# A transcript of a conversation with 2011!You



## Ether's Bane (Jun 1, 2014)

In the TCoD Member Headcanons thread, I alluded to holding a conversation with myself from 2011.

Then, I remembered this thread. In an amazing coincidence, it was, in fact, from 2011.

Thus, this thread.

Post a transcript of a conversation with 2011!You.

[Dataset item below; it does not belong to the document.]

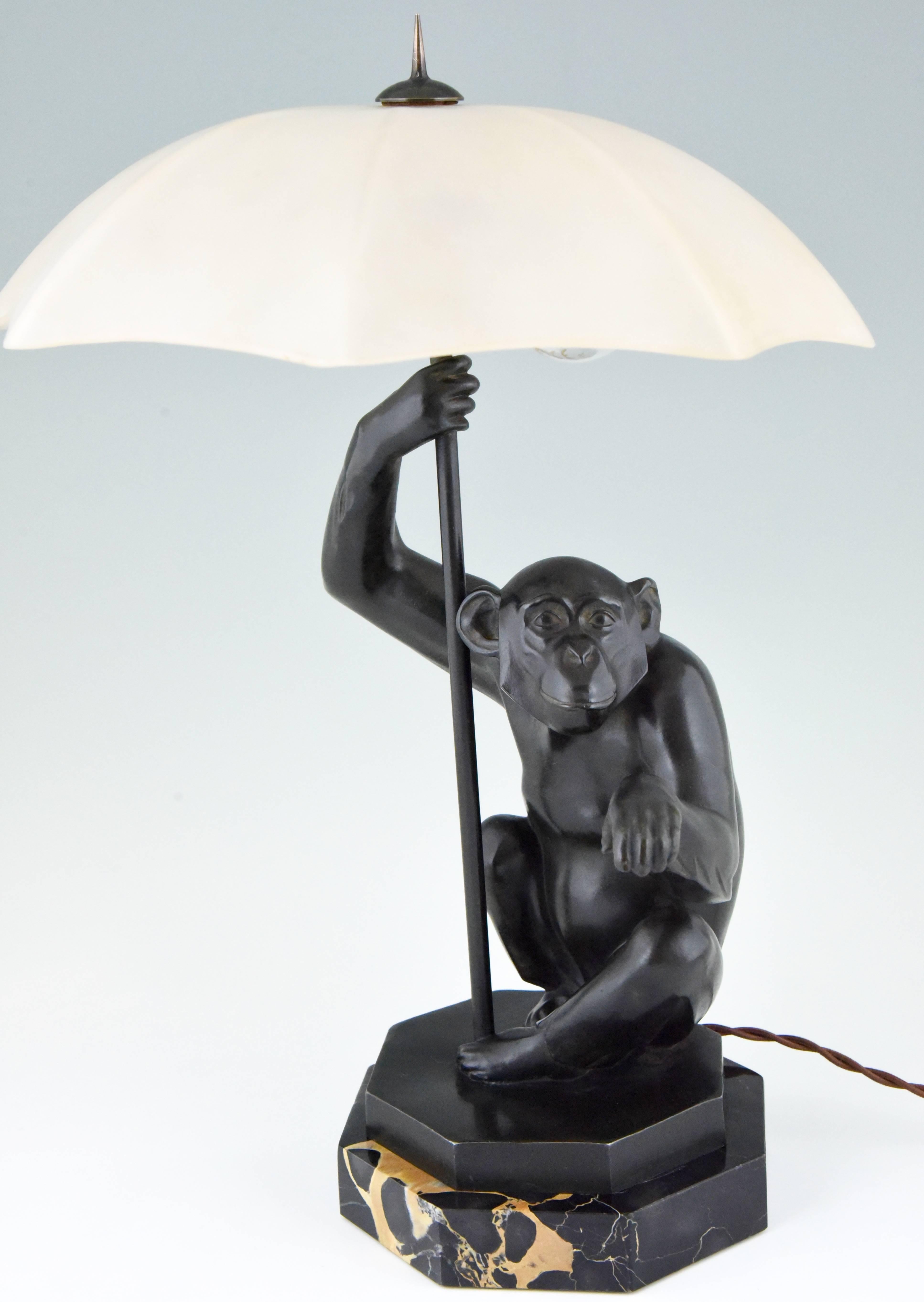 lampe femme parapluie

(Refer to the old thread if you don't understand how to do it.)


----------



## sv_01 (Jun 1, 2014)

Time travel you say?

What the ever-swirling Schism... No. No for eyepatch's sake. No Davros-swarming way.
_Are you an older version of me?_
Yeah. But I'm not gonna tell you anything. Now go hide somewhere safe.
_Why?_
Because I think I might have caused a time paradox. Also there might be bad guys here since I landed here and not on Rax... Spoilers.
_Maybe there's solar flares. That might also have caused the volcano. By the way, are you in the Temporal Cold War?_
Luckily, I'm not involved in any time war. And when this sweetie lands somewhere she shouldn't, it usually means there's trouble.
_She? Like when they call ships "she" in Star Trek?_
Sort of. Anyway, hide in the house if there's time b...bees or whatever. Because paradox stuff. Bye!


----------



## Flora (Jun 1, 2014)

oh, hey, 2011!Flora was just after The Great Boyfriend Escapade! So I should probably give myself some advice after that.

_...uh.
_Hey there, sixteen year old self.
_Why is your hair wavy-ish again???_
Oh, right. Stopped perma-straightening. It was kinda killing my hair. Plus it's fairly straight as is, so long as it doesn't fuck up when drying. Anyways, I'm here to give you some news about your future!
_Oh, joy. Here's hoping it doesn't involve any more shitty relationships-
_That brings me to my first point! Stop being so scared about that. It happened once, it was shit, get out of it quicker next time. You're capable of it.
_uh. okay.
_Actual news: you get cast in two shows-
_WHAT.
_Really! At Naz and at Judge. Actually you play Chava at Judge and Shawn is your dad, which is REALLY funny when you go to college together and he still calls you Chava.
_Oh dear god Shawn.
_And! You'll end up kissing Matt at a party.
_...But he's GAY!
_I know. It'll be pretty great regardless. Also he goes to prom with you next year and is absolutely adorable about it.
_Awesome!
_On to college!
_Can't I just not?
_Calm down, kiddo! College is _awesome_. You meet a lot of awesome individuals, your roommate - well, your roommate a semester in, your other roommate moved out because the suitemates were pissing her off - and a bunch of friends included.
_Whoa.
_SPEAKING of your roommate, during sophomore year there will be a party. Your roommate will get drunk. KEEP AN EYE ON HER AT ALL TIMES.
_...okay?
_Actually sophomore year in general will be an adventure. Especially second semester.
_Do I get cast in anything?
_No, but a lot of your friends do and you end up seeing the spring musical three times.
_Oh. Is that why it's an adventure?
_No, that's because boys happen.
_Seriously? Do I date any of them?
_One isn't interested, and the other I have _no fucking clue about_ but he at least likes you a lot as a friend. Also he graduates that year.
_ARE YOU KIDDING ME.
_Yeah, that was my reaction too. It also may or may not be his fault I failed to keep an eye on my roommate at that party.
_Oh.
_Also he asks you to dance at another party.
_I THINK I LIKE SOPHOMORE YEAR ALREADY.
_Me too, kid. Me too.


----------